--- Exercise data Enclosed Below ---

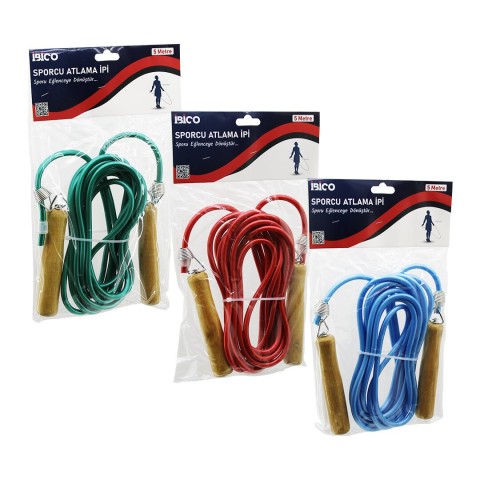 İBİCO İ19-021 ( AHŞAP SAPLI ) PVC ATLAMA İPİ RENKLİ ( 5MT )*60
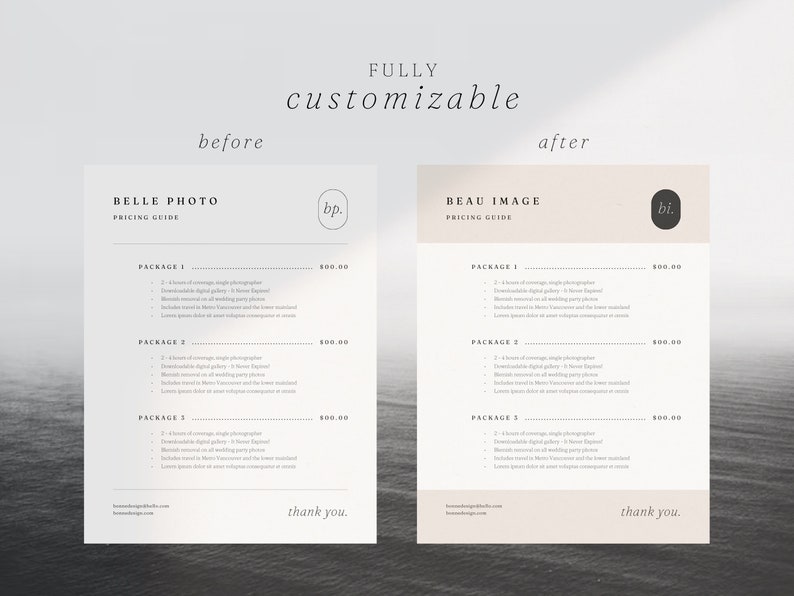 Minimal Photographer Pricing Guide Template Photography Price List Minimal Photographer Pricing Guide Template Photography Price List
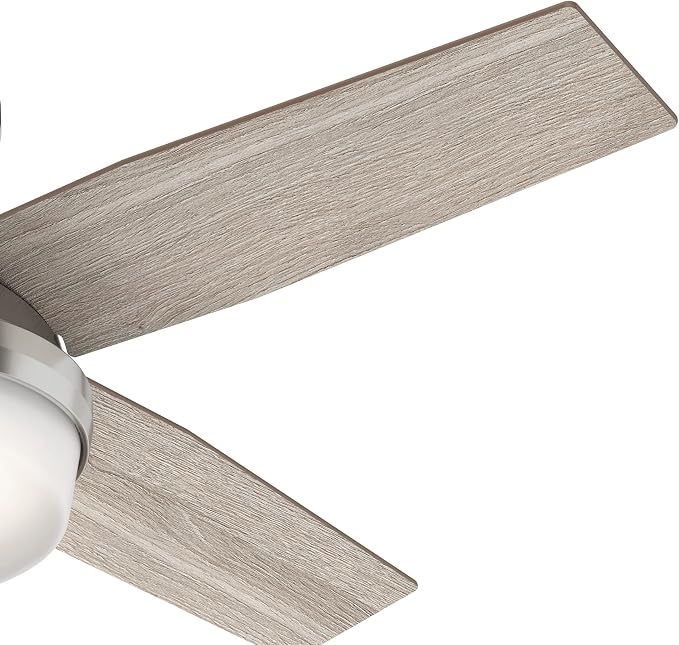 44 inch Indoor Ceiling Fan with LED Light and Remote Control - Modern Ceiling Fan, Low Profile Mount, 4 Blades, For Bedroom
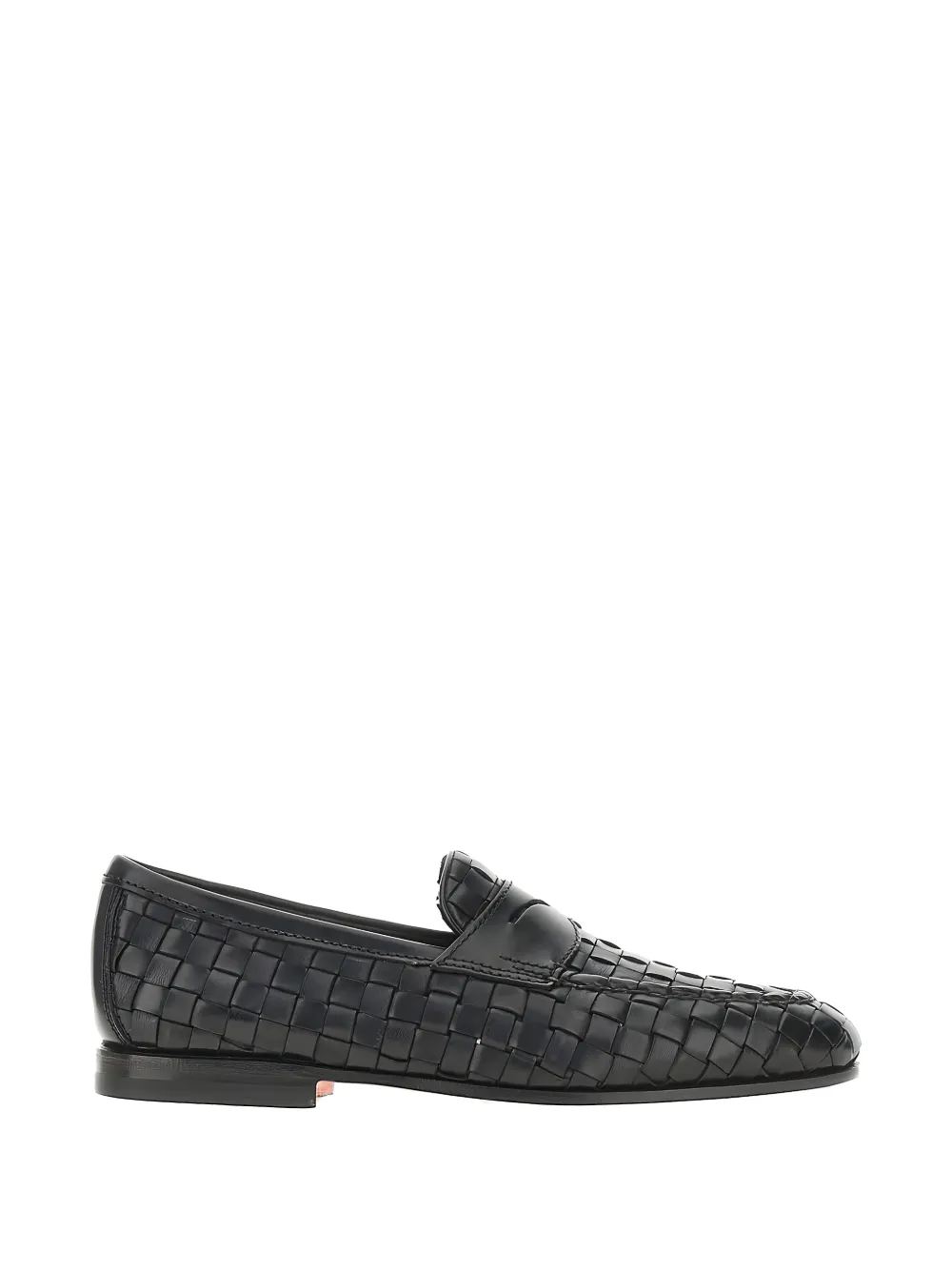 Santoni woven leather penny loafers - Nero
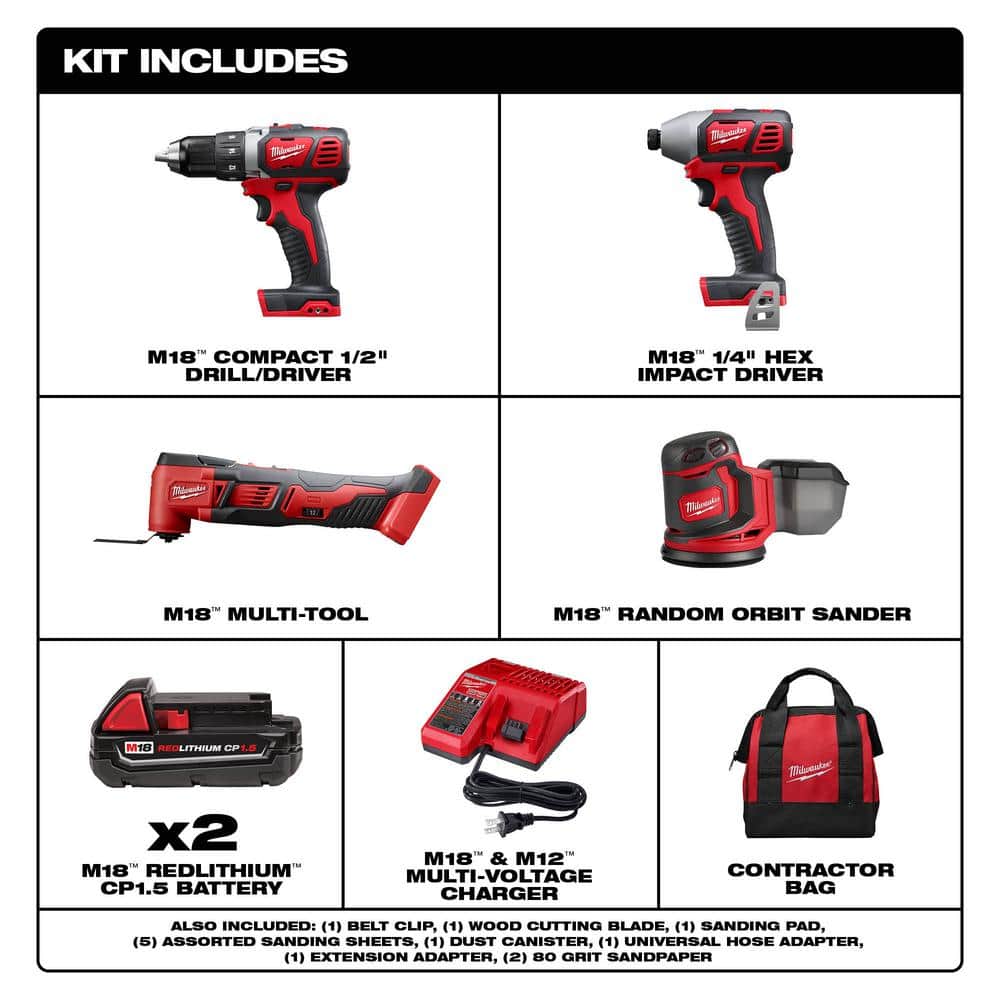 Milwaukee M18 18V Lithium-Ion Cordless Drill/Driver, Impact Driver & Reciprocating Saw Combo Kit (3-Tool) with Random Orbit Sander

--- End of Enclosed Exercise data ---

Please set the records down again exactly as written. The pictures should not be included.

### Result below
 İBİCO İ19-021 ( AHŞAP SAPLI ) PVC ATLAMA İPİ RENKLİ ( 5MT )*60
 Minimal Photographer Pricing Guide Template Photography Price List Minimal Photographer Pricing Guide Template Photography Price List
 44 inch Indoor Ceiling Fan with LED Light and Remote Control - Modern Ceiling Fan, Low Profile Mount, 4 Blades, For Bedroom
 Santoni woven leather penny loafers - Nero
 Milwaukee M18 18V Lithium-Ion Cordless Drill/Driver, Impact Driver & Reciprocating Saw Combo Kit (3-Tool) with Random Orbit Sander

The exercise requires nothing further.